Why deterministic output from LLMs is nearly impossible(unstract.com) |
Why deterministic output from LLMs is nearly impossible(unstract.com) |
Also the way I usually interpret this "non-deterministic" a bit "broader".
Say i have have slightly different prompts "what's 2+2?" vs. "can you please tell me what's 2 plus 2" or even "2+2=?" or "2+2" for most applications it would be useful if they all produce the same result
2+2 is 4
2 plus 2 is 4
4=2+2
4
Having the LLM pass the input to a tool (python) will result in deterministic output.
- Typical LLM usage involves the accretion of context tokens from previous conversation turns. The likelihood that you will type prompt A twice but all of your previous context will be the same is low. You could reset the context, but accretion of context is often considered a feature of LLM interaction.
- Maybe more importantly, because the LLM abstraction is statistical, getting the correct output for e.g. "3 + 5 = ?" does not guarantee you will get the correct output for any other pair of numbers, even if all of the outputs are invariant and deterministic. So even if the individual prompt + output relationship is deterministic, the usefulness of the model output may "feel" nondeterministic between inputs, or have many of the same bad effects as nondeterminism. For the article's list of characteristics of deterministic systems, per-input determinism only solves "caching", and leaves "testing", "compliance", and "debuggability" largely unsolved.

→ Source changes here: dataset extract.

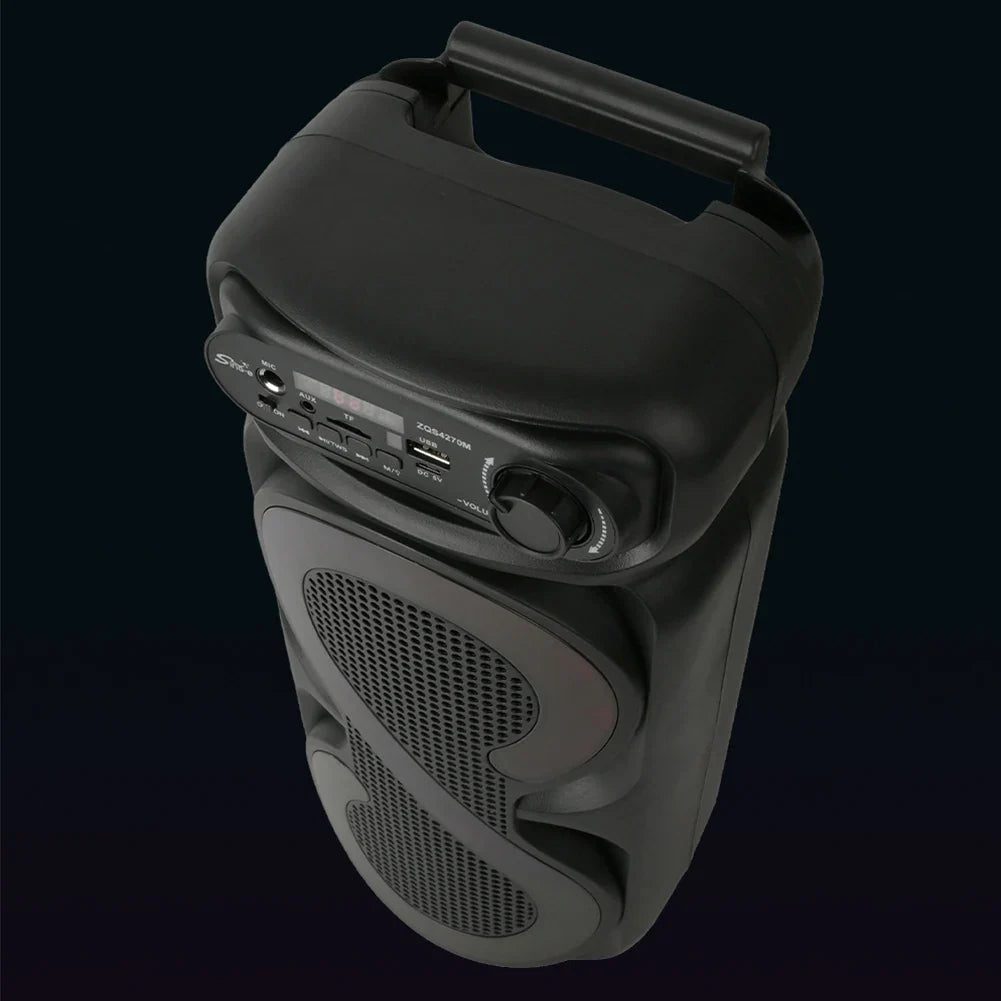 Bluetooth-Compatible Speaker Karaoke Speaker with RGB Light Portable Boombox USB/TF Outdoor Speaker Remote Control for Karaoke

The only actual nondeterminism is deliberately injected. E.g. the temperature parameter. Without that, it is deterministic but chaotic. This is the case both in training LLMs, and in using the trained models.
If I missed something, someone point it out please.
But largely, you don't really want determinism. Imagine you have equal logprobs for "yes" and "no", which one should go into the output? With temperature 0 and greedy sampling it's going to be the same each time, depending on unrelated factors (e.g. vocabulary order), and your outputs are going to be terribly skewed from what the model actually tries to tell you in the output distribution. What you're trying to solve with LLMs is inherently non-deterministic. It's either the same with humans and organizations (but you can't reset the state to measure it), or at least it depends on a myriad of little factors impossible to account for.
Besides, all current models have issues at temperature 0. Gemini in particular exhibits micro-repetitions and hallucinations (non-existent at higher temps) which it then tries to correct. Other models have other issues. This is a training-time problem, probably unsolvable at this point.
What you want is correctness, which is pretty different because the model works with concepts, not tokens. Try asking it what is 2x2. It might formulate the answer differently each time but good luck making it reply with anything else than 4 on a non-schizophrenic temperature. A bit of randomness won't prevent it from being consistently correct (or consistently incorrect).